Photo: The Food Trust
The Food Trust’s fantastic roving street food festival, Night Market, returns for its seventh season this Thursday. The first stop is Northeast Philadelphia’s Burholme neighborhood, where dozens of mobile food vendors, like Dump N Roll, Grubaholics and Fat Jack’s BBQ, set up camp at Cottman and Rising Sun avenues. To stick with the festival theme, the night also features live music, entertainers and activities for kids.
The Burholme stop is the 25th installment of Night Market, which was created to “celebrate diverse neighborhoods and immigrant communities across four corners of Philadelphia.” You have three other opportunities to take part now through early-fall: July 1 in Spruce Hill, August 10 in Roxborough, and October 5 in the Italian Market.
To keep track of these upcoming events, go here to sign up for The Food Trust’s newsletter. Thursday, May 11, 6-10 p.m., pay as you go, Cottman and Rising Sun avenues.

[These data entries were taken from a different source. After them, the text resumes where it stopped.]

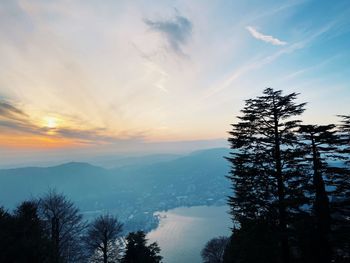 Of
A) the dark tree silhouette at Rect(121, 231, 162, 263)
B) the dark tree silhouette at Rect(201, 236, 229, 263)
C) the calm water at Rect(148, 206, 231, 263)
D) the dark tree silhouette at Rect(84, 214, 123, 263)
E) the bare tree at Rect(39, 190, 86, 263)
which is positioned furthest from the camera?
the calm water at Rect(148, 206, 231, 263)

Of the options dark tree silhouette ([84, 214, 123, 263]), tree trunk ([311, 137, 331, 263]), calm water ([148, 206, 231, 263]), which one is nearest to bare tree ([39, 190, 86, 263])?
dark tree silhouette ([84, 214, 123, 263])

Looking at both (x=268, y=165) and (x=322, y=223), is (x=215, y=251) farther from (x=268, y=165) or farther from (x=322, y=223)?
(x=268, y=165)

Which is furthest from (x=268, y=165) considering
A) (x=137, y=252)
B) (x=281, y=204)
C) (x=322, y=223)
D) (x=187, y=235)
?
(x=187, y=235)

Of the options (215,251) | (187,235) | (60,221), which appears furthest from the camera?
(187,235)

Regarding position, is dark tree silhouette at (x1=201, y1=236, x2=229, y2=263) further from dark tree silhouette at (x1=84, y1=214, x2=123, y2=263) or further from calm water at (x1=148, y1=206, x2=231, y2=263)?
calm water at (x1=148, y1=206, x2=231, y2=263)

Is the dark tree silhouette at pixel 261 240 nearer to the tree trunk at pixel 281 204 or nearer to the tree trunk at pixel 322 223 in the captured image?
the tree trunk at pixel 281 204

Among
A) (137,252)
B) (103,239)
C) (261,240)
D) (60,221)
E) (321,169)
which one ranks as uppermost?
(321,169) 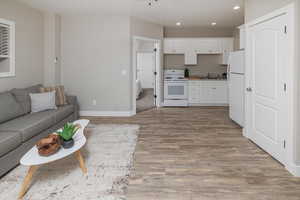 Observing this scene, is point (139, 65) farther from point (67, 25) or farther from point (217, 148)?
point (217, 148)

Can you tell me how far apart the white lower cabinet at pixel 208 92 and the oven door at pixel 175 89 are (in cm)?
25

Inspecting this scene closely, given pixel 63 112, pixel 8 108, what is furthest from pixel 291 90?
pixel 8 108

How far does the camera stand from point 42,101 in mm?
4625

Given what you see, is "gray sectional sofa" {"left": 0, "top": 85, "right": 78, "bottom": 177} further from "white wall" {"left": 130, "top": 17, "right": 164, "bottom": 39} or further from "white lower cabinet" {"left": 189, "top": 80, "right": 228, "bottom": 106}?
"white lower cabinet" {"left": 189, "top": 80, "right": 228, "bottom": 106}

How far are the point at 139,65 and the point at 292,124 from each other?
1061 cm

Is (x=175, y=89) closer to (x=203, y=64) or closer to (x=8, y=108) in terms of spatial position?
(x=203, y=64)

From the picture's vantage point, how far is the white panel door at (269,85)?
127 inches

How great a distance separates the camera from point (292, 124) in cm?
295

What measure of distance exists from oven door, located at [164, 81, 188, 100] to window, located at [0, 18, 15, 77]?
476cm

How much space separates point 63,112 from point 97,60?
85.4 inches

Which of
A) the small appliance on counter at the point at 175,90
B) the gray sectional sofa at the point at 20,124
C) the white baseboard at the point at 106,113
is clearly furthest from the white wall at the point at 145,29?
the gray sectional sofa at the point at 20,124

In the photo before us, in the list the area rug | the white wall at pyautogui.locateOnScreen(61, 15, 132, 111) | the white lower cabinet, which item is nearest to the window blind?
the white wall at pyautogui.locateOnScreen(61, 15, 132, 111)

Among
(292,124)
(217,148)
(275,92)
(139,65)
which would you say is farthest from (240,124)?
(139,65)

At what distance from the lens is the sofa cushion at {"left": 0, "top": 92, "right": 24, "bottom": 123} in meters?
3.75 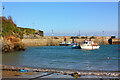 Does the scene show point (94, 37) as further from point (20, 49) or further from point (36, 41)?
point (20, 49)

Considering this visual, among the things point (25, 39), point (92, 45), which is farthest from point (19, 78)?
point (25, 39)

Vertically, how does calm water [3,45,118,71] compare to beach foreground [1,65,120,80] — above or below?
below

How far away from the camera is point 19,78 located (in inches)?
531

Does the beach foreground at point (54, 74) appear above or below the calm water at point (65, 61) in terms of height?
above

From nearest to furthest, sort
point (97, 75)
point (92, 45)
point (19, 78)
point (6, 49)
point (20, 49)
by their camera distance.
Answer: point (19, 78)
point (97, 75)
point (6, 49)
point (20, 49)
point (92, 45)

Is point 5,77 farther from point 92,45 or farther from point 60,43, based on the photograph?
point 60,43

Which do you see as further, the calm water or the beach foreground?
the calm water

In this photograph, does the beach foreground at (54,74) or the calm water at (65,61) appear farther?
the calm water at (65,61)

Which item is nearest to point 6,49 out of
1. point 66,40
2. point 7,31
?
point 7,31

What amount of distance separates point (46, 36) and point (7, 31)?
71174mm

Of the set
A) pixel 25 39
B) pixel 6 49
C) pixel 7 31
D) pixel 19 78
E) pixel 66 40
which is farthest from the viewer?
pixel 66 40

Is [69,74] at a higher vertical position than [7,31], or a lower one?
lower

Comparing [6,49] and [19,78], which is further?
[6,49]

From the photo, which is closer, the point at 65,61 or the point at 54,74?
the point at 54,74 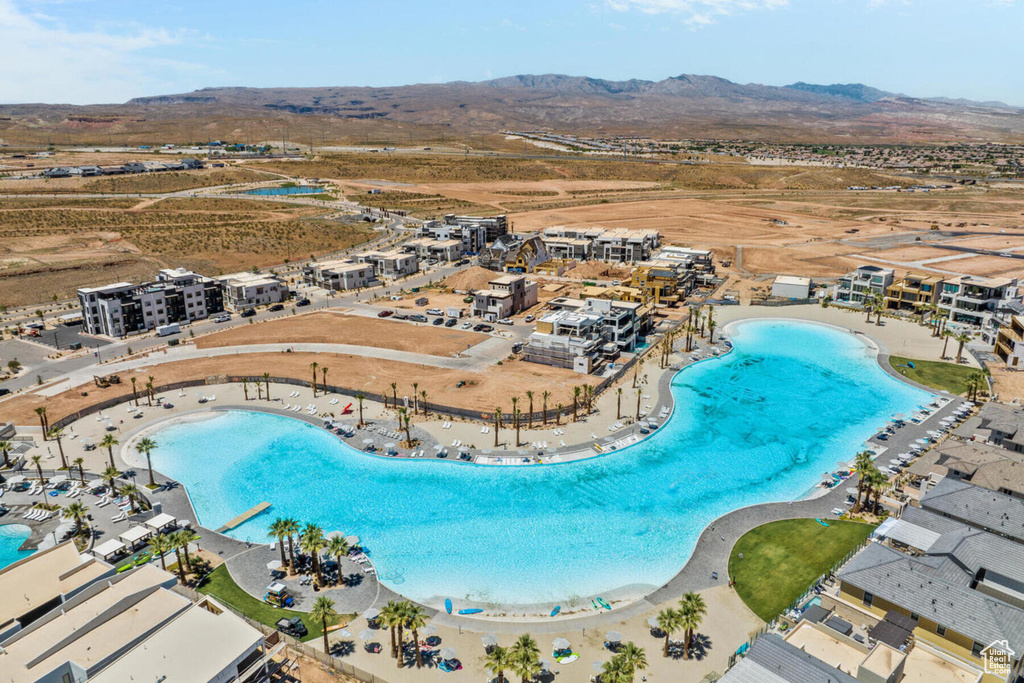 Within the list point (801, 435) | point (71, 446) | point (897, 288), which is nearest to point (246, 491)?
point (71, 446)

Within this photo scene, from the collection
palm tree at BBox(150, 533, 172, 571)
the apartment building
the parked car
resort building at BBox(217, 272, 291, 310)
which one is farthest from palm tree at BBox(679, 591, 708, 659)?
resort building at BBox(217, 272, 291, 310)

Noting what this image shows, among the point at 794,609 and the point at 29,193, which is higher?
the point at 29,193

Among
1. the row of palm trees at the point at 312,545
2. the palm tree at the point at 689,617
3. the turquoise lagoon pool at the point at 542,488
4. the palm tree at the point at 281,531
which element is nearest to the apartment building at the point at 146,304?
the turquoise lagoon pool at the point at 542,488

Photo: Fairmount Park Conservancy
On Saturday morning, 2,000 devoted volunteers across the city will head out to their favorite local patch of green to pick up trash, paint faded fixtures, mulch trees and more to make ready their park for the 6th annual LOVE Your Park Week.
Fairmount Park Conservancy (FPC) and Philadelphia Parks & Recreation’s eight-day hoopla encourages folks to celebrate the city’s local parks through a series of events taking place across the city. The reason is simple: The more people are involved, the better our parks are, says FPC Stewardship Coordinator Lindsey Walker. “When communities and neighbors are engaged, the parks tend to be in better shape.” That’s because active citizens, for instance, organize cleanup days, host park events and even advocate for better maintenance by reaching out to City Council.
There are lots of reasons to Love Your Park besides the obvious break from all that concrete they provide. Adding greenery to a dull, vacant lot in a neighborhood has been shown to reduce crime rates. A Penn study of low-income areas in Philadelphia showed that planting trees in a neighborhood boosted nearby home sales by two percent. And then there’s the effect on our well-being. BioMed Central Public Health data shows that walking or running in green spaces has a positive effect on anxiety, anger, fatigue and sadness.
Whatever your reason for loving your park, there are tons of ways you can get involved this week. Find all the opportunities here, or make up some of your own on your block or nearest park. May 13-21, free events happen all over the city.